Prumnopitys - Care Guide

Growing Prumnopitys taxifolia

Matai. Black pine of New Zealand.

(Formerly Podocarpus spicatus)

This is a most peculiar ‘shrub’ of which we have more than one specimen of in the garden at Caerhays. It will grow on into an interesting small tree, or so we are told, but, after 20 years here, our plants are only around 6ft tall and look half dead most of the time.

The habit of P. taxifolia is that of a dome shaped shrub with numerous drooping and dense branches and branchlets. These have a reddish tinge and, only when you look very closely, do you see that towards the tips the branchlets have small narrow bronze-tinted leaves. In early summer these leaves can be quite numerous but almost absent in winter.
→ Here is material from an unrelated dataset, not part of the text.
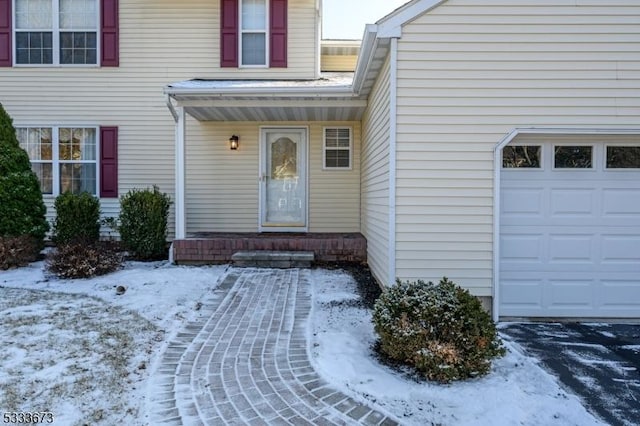 snow covered property entrance with a garage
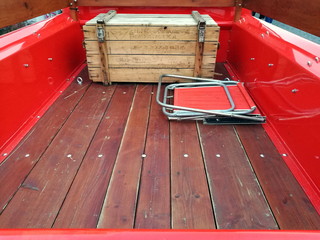 Ladefläche mit Holzkiste und Campingstuhl eines amerikanischen Pick-up der Sechzigerjahre in Rot...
Dacrydium dacrydiodes looks dead from a distance because its foliage is brown. This other member of the Podocarpaceae family looks leafless and dead for a different reason but both are not!

Near the entrance to Ventnor Botanic Garden sits a good example of P. taxifolia growing just as slowly as our plants but, after watching it for over 20 years, it is now developing into a small tree of 15ft or so in height. The reference books say that P. taxifolia is tenderish but we have not found this to be the case. It is just very slow and very odd!

Things were further complicated here with a yew like plant incorrectly labelled P. taxifolia which was actually the Chilean Prumnopitys andina (formerly Podocarpus andinus). Burncoose hopes to be able to offer both species on the website before long.